Series of flying boats

The Naval Aircraft Factory PN was a series of open cockpit American flying boats of the 1920s and 1930s. A development of the Felixstowe F5L flying boat of the World War I, variants of the PN were built for the United States Navy by Douglas, Keystone and Martin.

==Development and design==
The PN flying boats were twin-engine biplanes with their engines mounted in nacelles between the fabric-covered wings. Other than on the PN-11 which had a different hull form, the hull had large chines running back to the first step similar to those on the F.5L. It had a standard crew of five, but was capable of carrying a relief crew for long patrols. Early machines had wood hulls and wings, with the wings covered in fabric, while various versions replaced these with metal components. A wide variety of V-12 and radial engines were fitted, due to problems with several of the engines chosen, with later versions generally using radial engines.

At the end of World War I the United States Navy was operating the Curtiss H.16 and the Felixstowe F5L Long-range patrol flying boats, which had been developed in collaboration with the British. The F.5L was a license-built version of the British Felixstowe F.5 using the American Liberty engine. The series of Felixstowe flying boats, developed by the Seaplane Experimental Station, had started with improving the hull of the Curtiss America.

PN-5 was the new designation assigned to F.5Ls built by the Naval Aircraft Factory after 1922, although identical aircraft built before then retained the F.5L designation.
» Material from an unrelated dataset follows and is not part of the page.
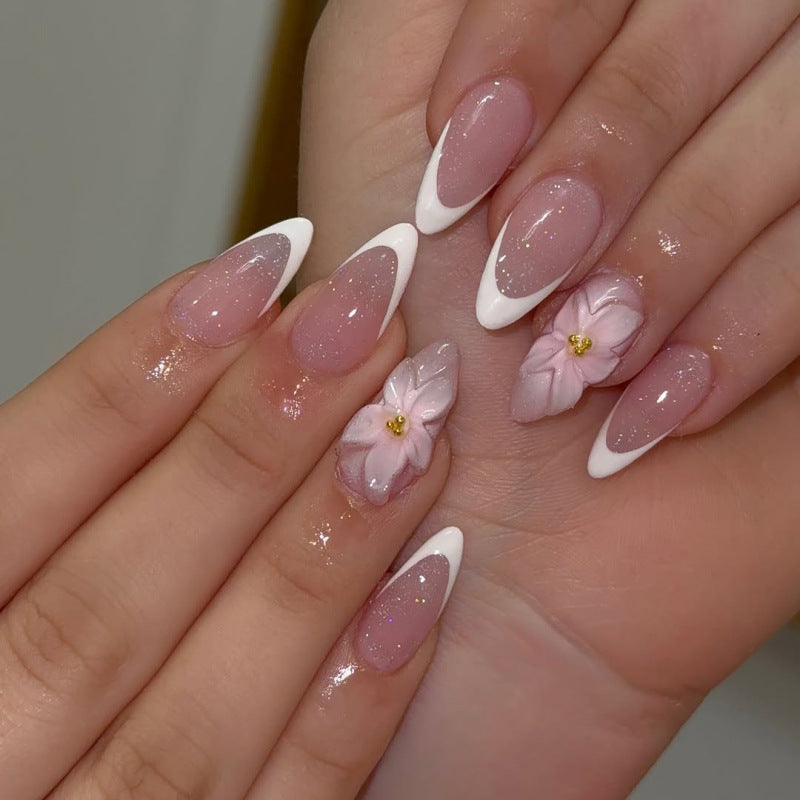 Kunstvolle French-Tip Nagelverlängerungen mit Blumenakzenten Brehn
Under the new designation system, P indicated that the role was Patrol, and N denoted aircraft built by the US Navy's Naval Aircraft Factory. Numbers 1-4 were skipped.

The PN-6 had an enlarged curved fin with an unbalanced rudder. The first two examples had been ordered as the final two F.5Ls, and had been designated as F.6Ls, with the new PN-6 designation coming into effect in 1922. Some F.5L/PN-5s were later upgraded to PN-6 standard. Neither the PN-5 or the PN-6 designation was used outside of official paperwork, and these aircraft were simply referred to as F.5Ls.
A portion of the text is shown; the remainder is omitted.